Walmart-Flipkart merger

Flipkart may have to remove up to 25 per cent of its products from its site. (Photo: Reuters)

New foreign direct investment (FDI) rules regarding online marketplaces may put a spanner in the Walmart-Flipkart merger. According to investment bank Morgan Stanley, Walmart may back out of its merger with Indian e-commerce giant Flipkart.

Implemented from February 1, the new FDI rules bar online marketplaces with foreign investments from selling products from sellers in which the online marketplaces hold a stake. The new FDI rules also ban exclusive marketing arrangements.

Morgan Stanley, in a report titled ‘Assessing Flipkart Risk to Walmart EPS’ dated February 4, claimed that “an exit is likely, not completely out of the question, with the Indian e-commerce market becoming more complicated.” The group said an exit like this would not be unprecedented as Amazon had done the same in China in 2017.

The new FDI regulations are expected to heavily impact Flipkart as the e-commerce giant may have to remove up to 25 per cent of its products from its site. The biggest effect will be on the smartphone and electronic inventory of the website, a high earning segment for the website, due to the government targetting exclusive deals.

The new FDI regulations and their impact. (Source: India Today magazine)

Speaking to Economic Times, a spokesperson for Walmart said, “Despite the recent changes in regulations, we remain optimistic about the e-commerce opportunity in India given the size of the market, the low penetration of e-commerce in the retail channel and the pace at which it is growing. As Walmart scales in India, the company will continue to partner to create sustained economic growth across agriculture, food and retail. Future investments will support national initiatives and will bring sustainable benefits to the country.”

Amazon too echoed a positive sentiment saying that it sees “very good long-term prospects” in the Indian market. “We feel very good about the long-term prospects in India and doing a good job for both Indian customers and Indian sellers. The new regulations need to be interpreted…need to make sure they don’t have unintended consequences,” Amazon CFO Brian Olsavsky asserted.
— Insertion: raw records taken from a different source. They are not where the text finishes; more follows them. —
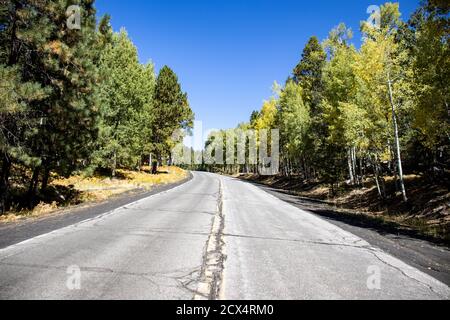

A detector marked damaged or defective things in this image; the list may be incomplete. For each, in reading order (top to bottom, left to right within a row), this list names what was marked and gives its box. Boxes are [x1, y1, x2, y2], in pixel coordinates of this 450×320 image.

cracked asphalt road [0, 172, 450, 300]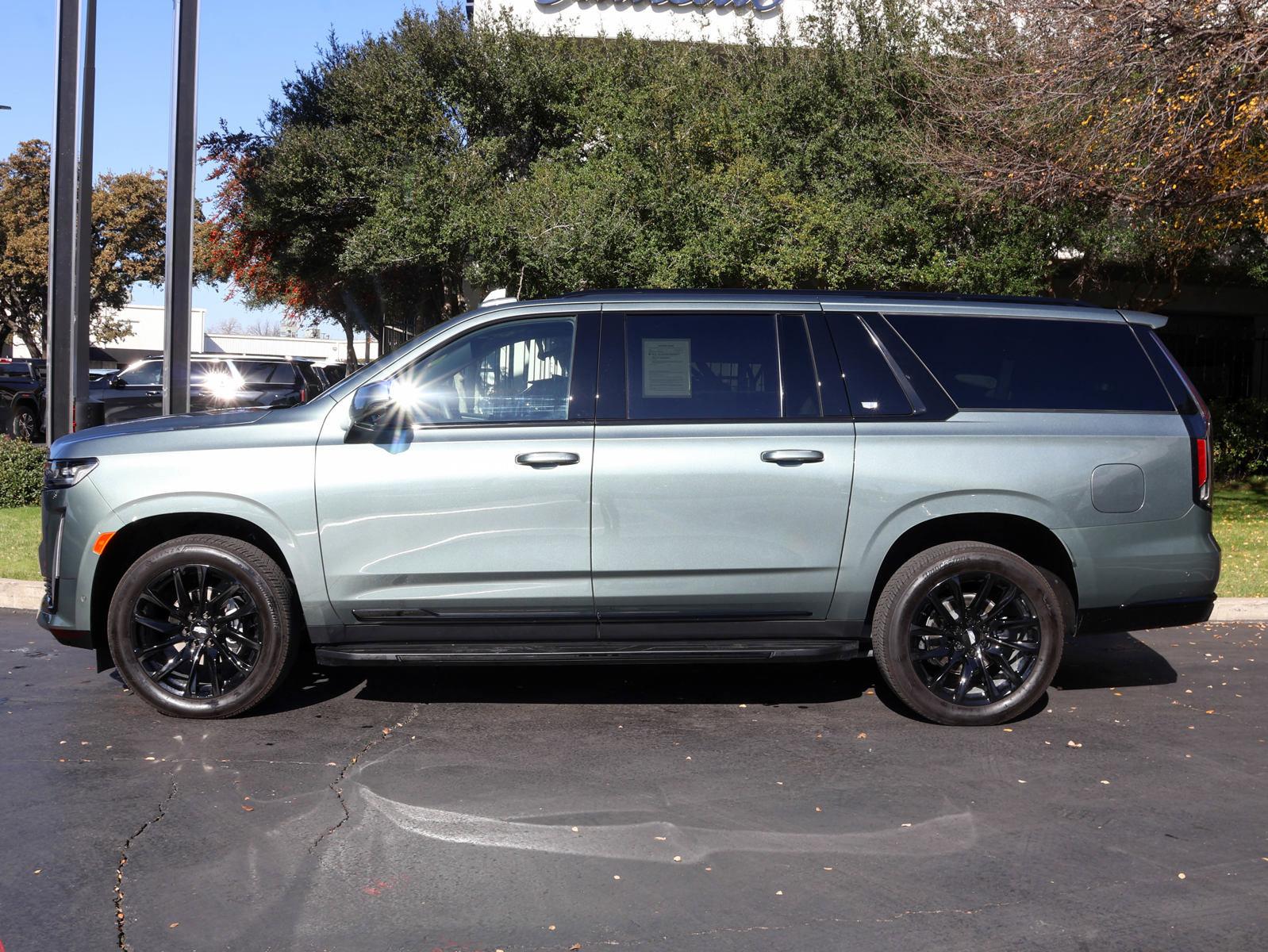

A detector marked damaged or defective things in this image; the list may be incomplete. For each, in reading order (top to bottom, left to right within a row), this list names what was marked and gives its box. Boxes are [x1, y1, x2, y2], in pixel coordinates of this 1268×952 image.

pavement crack [311, 701, 422, 850]
pavement crack [113, 777, 177, 946]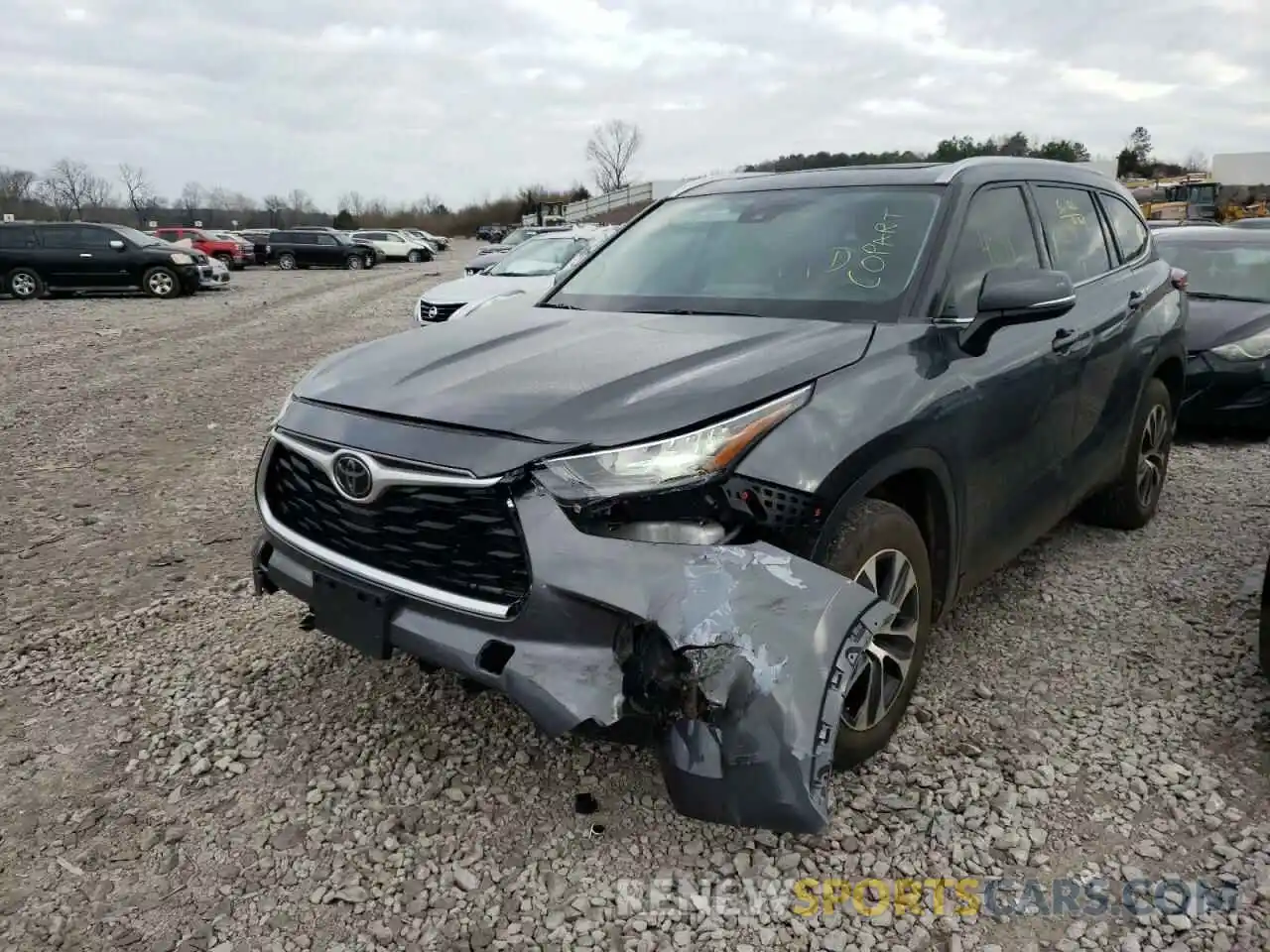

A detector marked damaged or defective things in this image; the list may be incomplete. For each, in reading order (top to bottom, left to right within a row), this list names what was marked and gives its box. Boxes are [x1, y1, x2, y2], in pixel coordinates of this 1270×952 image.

bent hood [424, 271, 554, 305]
bent hood [293, 301, 878, 446]
bent hood [1178, 298, 1270, 355]
broken headlight lens [1204, 332, 1270, 368]
broken headlight lens [531, 388, 808, 508]
crushed bumper [252, 487, 889, 832]
torn metal fender [510, 492, 889, 832]
damaged front end [609, 550, 889, 832]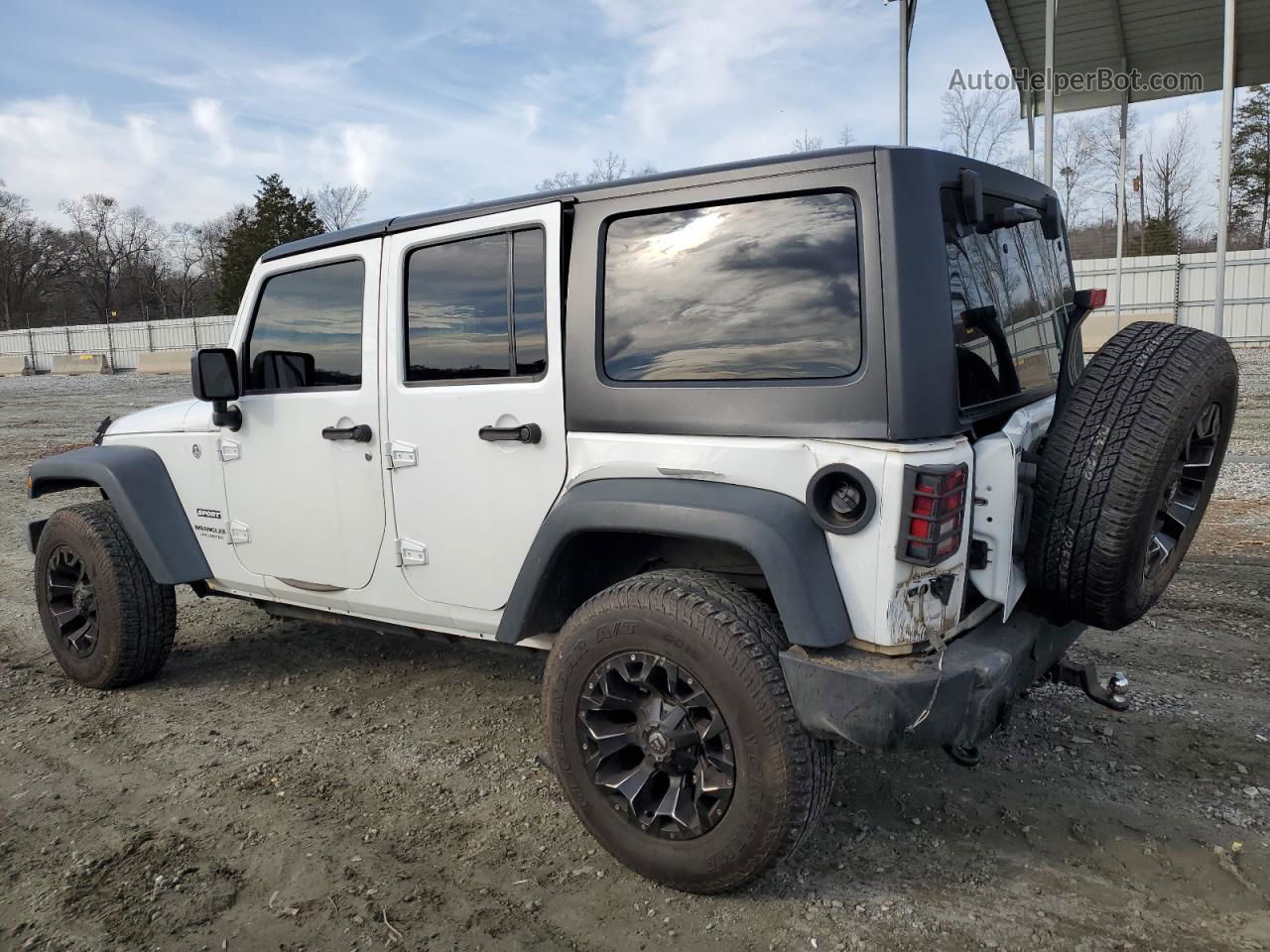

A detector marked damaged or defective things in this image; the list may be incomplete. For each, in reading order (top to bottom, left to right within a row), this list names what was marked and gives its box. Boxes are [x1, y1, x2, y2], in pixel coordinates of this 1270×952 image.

rear bumper damage [778, 611, 1087, 750]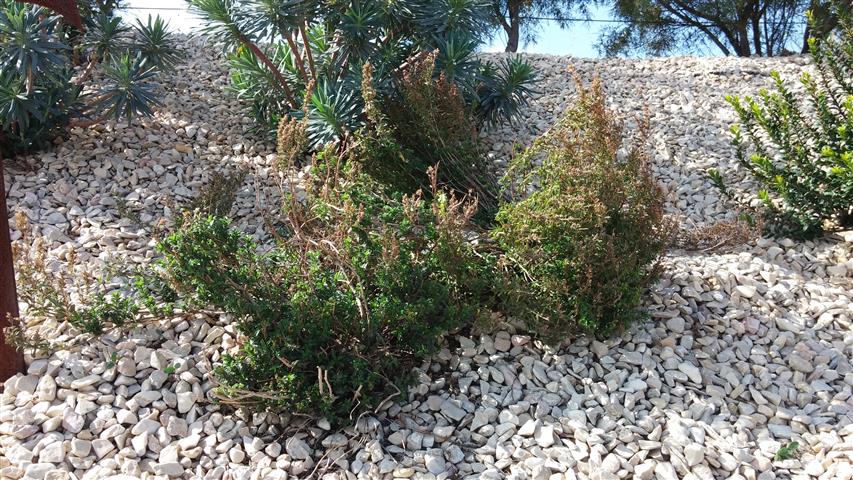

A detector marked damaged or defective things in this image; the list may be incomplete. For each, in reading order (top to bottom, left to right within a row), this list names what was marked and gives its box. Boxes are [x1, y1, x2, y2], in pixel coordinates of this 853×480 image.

rusty metal post [0, 156, 24, 380]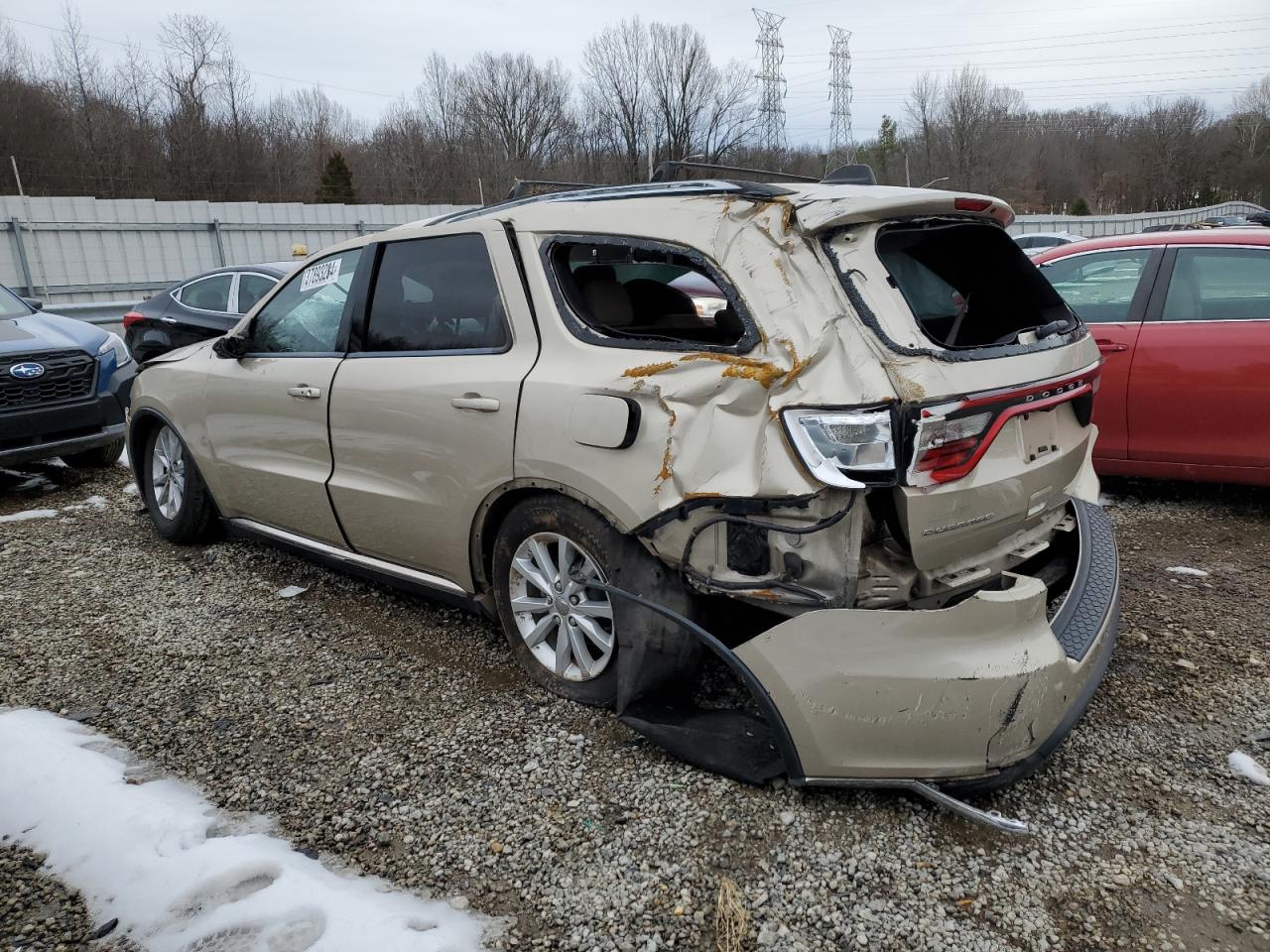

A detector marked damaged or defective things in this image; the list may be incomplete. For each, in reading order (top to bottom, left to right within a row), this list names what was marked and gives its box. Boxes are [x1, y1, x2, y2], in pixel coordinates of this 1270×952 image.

shattered rear window [548, 240, 746, 347]
shattered rear window [877, 219, 1080, 349]
crushed rear bumper [730, 498, 1119, 789]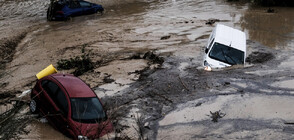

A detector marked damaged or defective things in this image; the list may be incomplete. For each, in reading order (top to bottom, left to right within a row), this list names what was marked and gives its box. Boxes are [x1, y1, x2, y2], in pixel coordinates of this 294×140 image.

overturned vehicle [46, 0, 104, 20]
overturned vehicle [203, 24, 247, 69]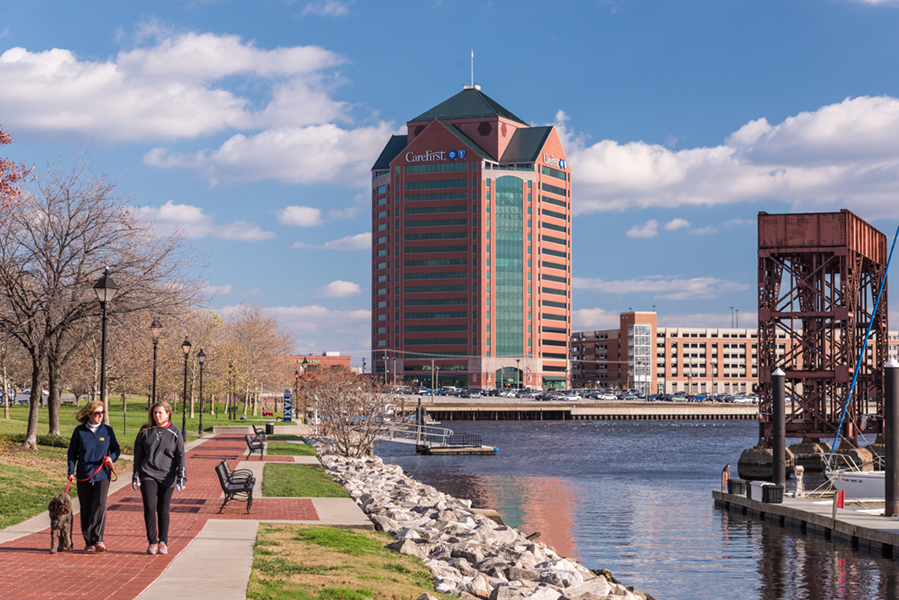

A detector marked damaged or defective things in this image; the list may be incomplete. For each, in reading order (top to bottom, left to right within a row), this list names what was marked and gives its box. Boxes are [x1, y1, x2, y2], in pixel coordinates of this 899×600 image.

rusted metal truss [756, 211, 888, 446]
rusty steel bridge tower [756, 211, 888, 450]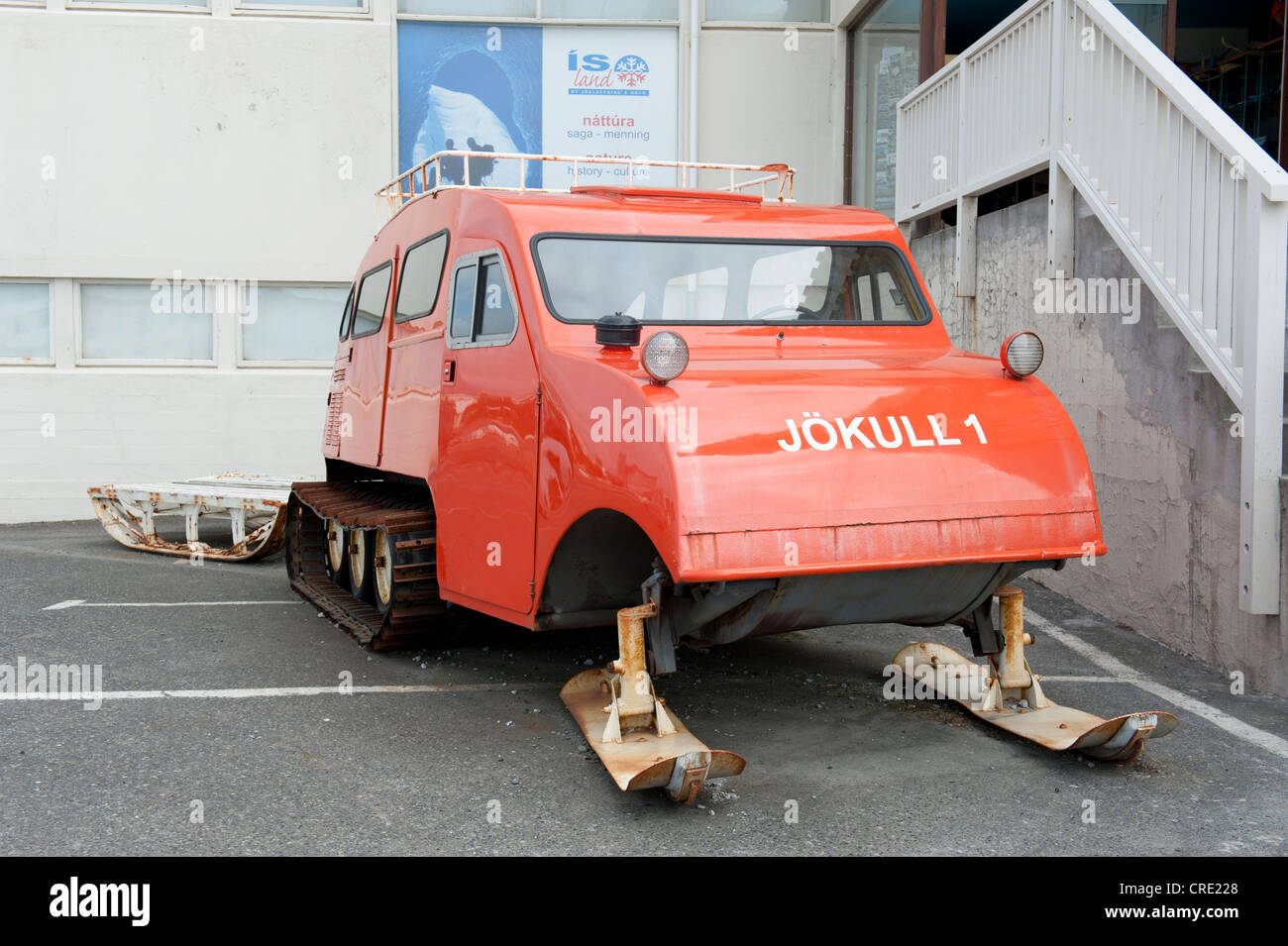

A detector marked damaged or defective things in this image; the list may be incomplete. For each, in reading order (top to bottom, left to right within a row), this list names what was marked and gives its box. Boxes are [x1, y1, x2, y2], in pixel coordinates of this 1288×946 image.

rusty ski mount [561, 602, 747, 802]
rusty ski mount [896, 589, 1179, 767]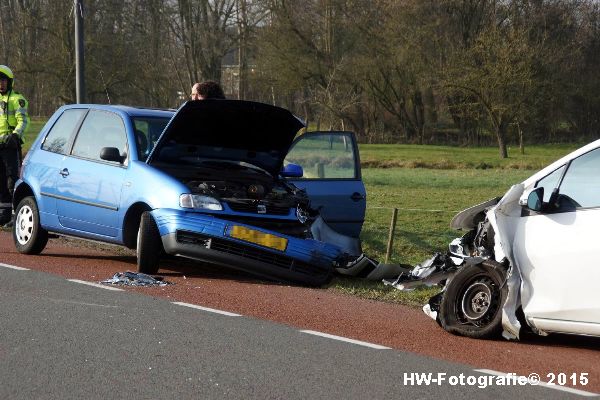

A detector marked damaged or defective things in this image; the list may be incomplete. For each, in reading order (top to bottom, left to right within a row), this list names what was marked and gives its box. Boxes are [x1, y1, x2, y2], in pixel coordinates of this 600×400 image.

detached wheel [12, 198, 48, 256]
detached wheel [137, 212, 163, 276]
broken headlight [182, 195, 224, 212]
crumpled front bumper [149, 208, 342, 286]
white damaged car [390, 140, 600, 340]
detached wheel [438, 260, 508, 340]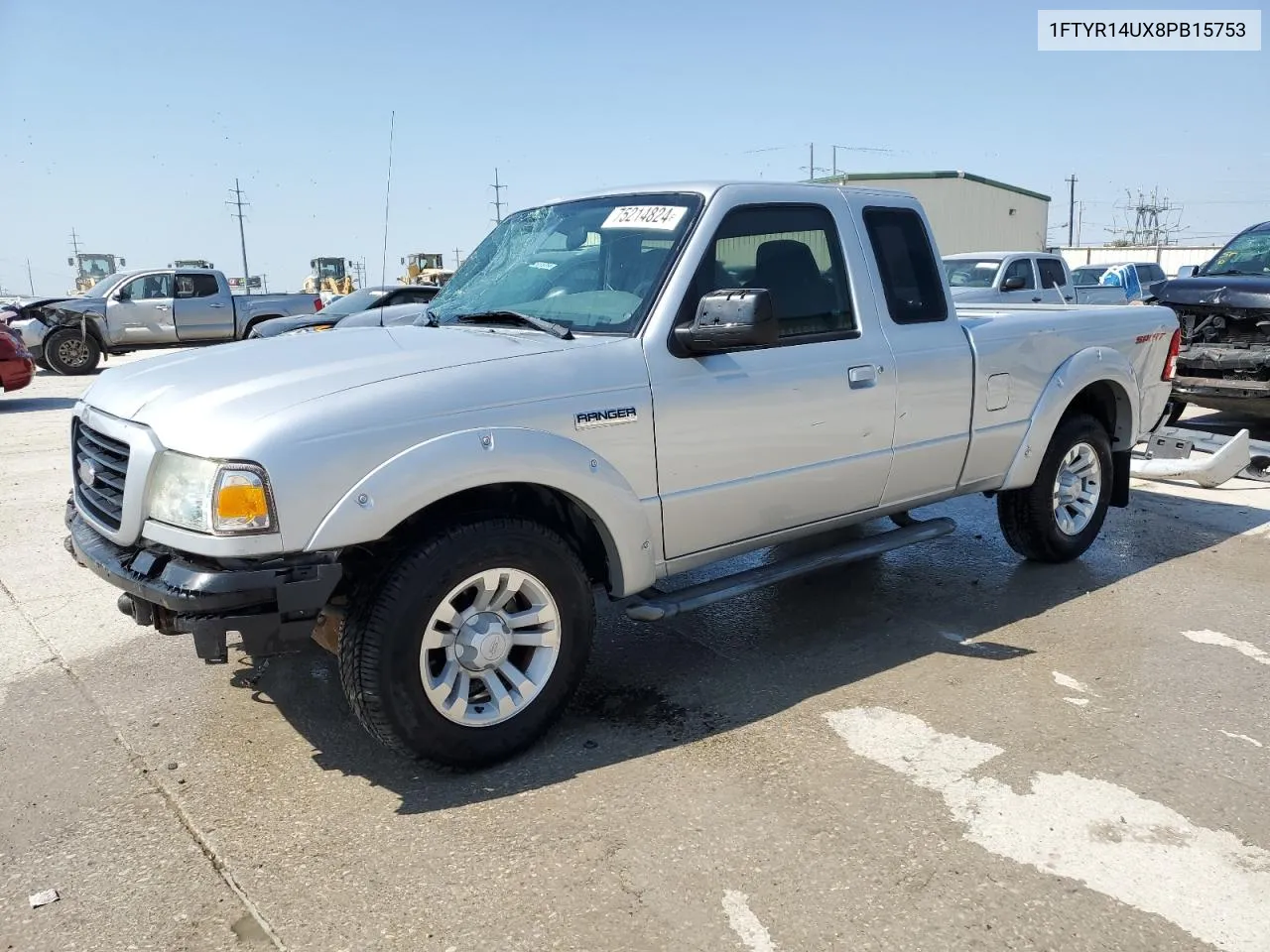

Both Amazon and Flipkart had extensively lobbied (directly as well as through associations and trade bodies) with government officials seeking an extension in deadline after the proposed changes were announced in December. They had also written to the government seeking more time to understand the details of the new framework. According to a Crisil report, nearly 35-40 per cent of e-retail industry sales – amounting to Rs 35,000-40,000 crore – could be hit due to the tightened norms.